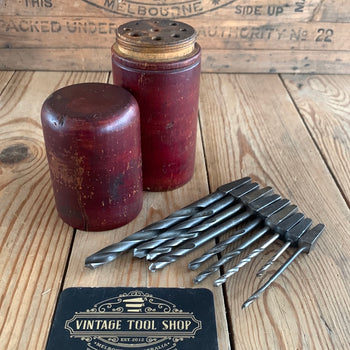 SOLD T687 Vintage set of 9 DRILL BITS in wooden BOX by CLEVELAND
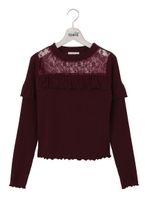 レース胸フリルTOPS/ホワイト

--

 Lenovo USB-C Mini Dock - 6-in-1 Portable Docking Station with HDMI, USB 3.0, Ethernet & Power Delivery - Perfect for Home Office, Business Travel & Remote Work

* * *

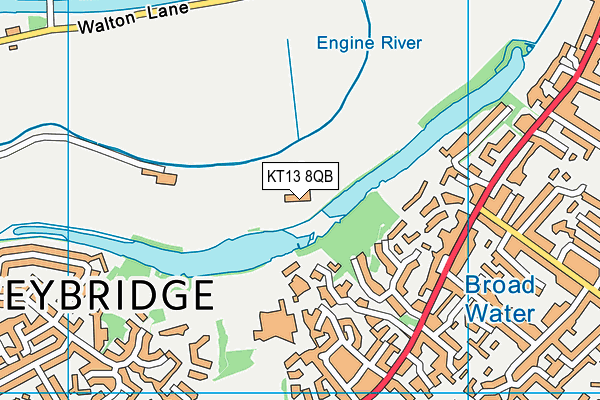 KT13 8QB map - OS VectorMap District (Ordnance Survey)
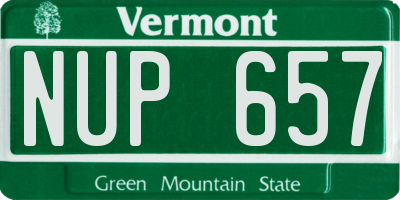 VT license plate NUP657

> **REQUIREMENT**
Reproduce the records above exactly, but only from the line with "KT13 8QB map" up to and including the line with "VT license plate NUP657". Leave the pictures out.

> **SOLUTION TO THIS TASK**
 KT13 8QB map - OS VectorMap District (Ordnance Survey)
 VT license plate NUP657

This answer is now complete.